From day one until now, we've always spent a lot of time with each other. And there have been times, when he's expressed he misses hanging out with his guy friends.. and quite frankly, I'll take it personally. There have been other times though, that I'll miss hanging out with my girls so we'll have a girls night in/out. Funny thing is, when I let Michael know that I'm going out for the day or evening, he gets sad.
So I do see a good amount of truth from that quote above.

-However-

There was something else from Ashley's blog post that spoke to me -
"...instead of always referring back to the good ol' days, continue to HAVE the good ol' days right now."

There's so much truth to this. As much as I adore my time with Michael, and love being able to have him to myself' the last thing I would ever want is to have him sit and think, "Man, I miss the good ole' days with the guys."

These guys have helped shape who Michael is today. And in some areas, probably have had more influence on him than any other group of people. They've been behind him through the bad, and have been right by his side through the good. So if they're important enough to have been with Michael through the thick and thin, then the least I can do is respect them and their time with Michael.

Happy Friday! :)

Tuesday, March 25, 2014

Respecting his family

It's been a while since I've been on here... the subject I read on after respecting his words was respecting his work. I'm going to skip over that, just to prevent any potential misunderstandings. There's nothing to misunderstand, but just in the off chance that something gets misunderstood......too sticky.

So anyways, onto respecting his family. I'm beyond grateful and blessed  to be marrying into such a wonderful family. Do not get me wrong - Michael and I come from different families. We have different backgrounds and we communicate differently. However, at the end of the day, we both have parents and families that value the same things and we place our values in the same priority - the Lord, our family, our work. And that is a huge relief! I can marry this man knowing that whatever we find important, they will find important and will support us. I can also marry this many knowing we can confide in our families and trust that they will give us sound and relevant advice.

There are times even today, that I struggle to communicate with his family comfortably.

I come from a small family - the majority of my extended family living across the country, if not across the world from me. Having just one older sibling and come high school, just one parent. And by the time my parents divorced, my brother was in college so I rarely saw him.

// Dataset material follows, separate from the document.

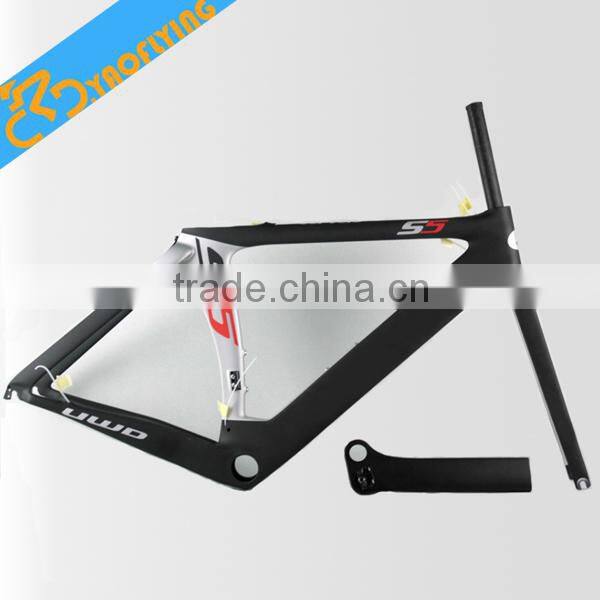 Full carbon fiber road bike,6800 group set and cheap carbon fiber bicycle,complete carbon bike on selling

Coming from a Korean background, we are very big on respect, and not being outspoken. So although we love to talk and have fun, we aren't overly gregarious.

Michael on the other hand, is one of three sons. And since his parents owned their own company, they worked long and hard hours. But they always had nannies and grandmothers around to care for them. The majority of their extended family live approximately 530 miles from us, so it's not uncommon that they travel back and forth to each other for holidays and special occasions. And with Michael coming from a Southern and Latin background.... he and his family love to talk and be loud! :)

The differences in our families are fun, but at times, there are moments when I get exhausted. These are the times I need to remind myself that I need to still love and respect them and the time we have together. These are the people that have helped shape and form the man I love into who he is today!

So compared to some families out there, we really are able to have a wonderful relationship. But I pray I will never let that allow me to become lazy and comfortable in showing his family my utmost respect. Plus, over the years of us being together, I've realized that our families have more similarities than differences.

Friday, March 14, 2014

of Respecting my [future] husband


Lent.
Every season of lent, I I always contemplate about what I want to "give up" that year. Much like my New Years Resolutions, I debate between things that are way too easy, to things that are way too unreasonable. Some seasons of lent, I start thinking of things that will help me on a personal level, and then remember what lent is all about, and try to stick a biblical reasoning behind that thing to justify my decision.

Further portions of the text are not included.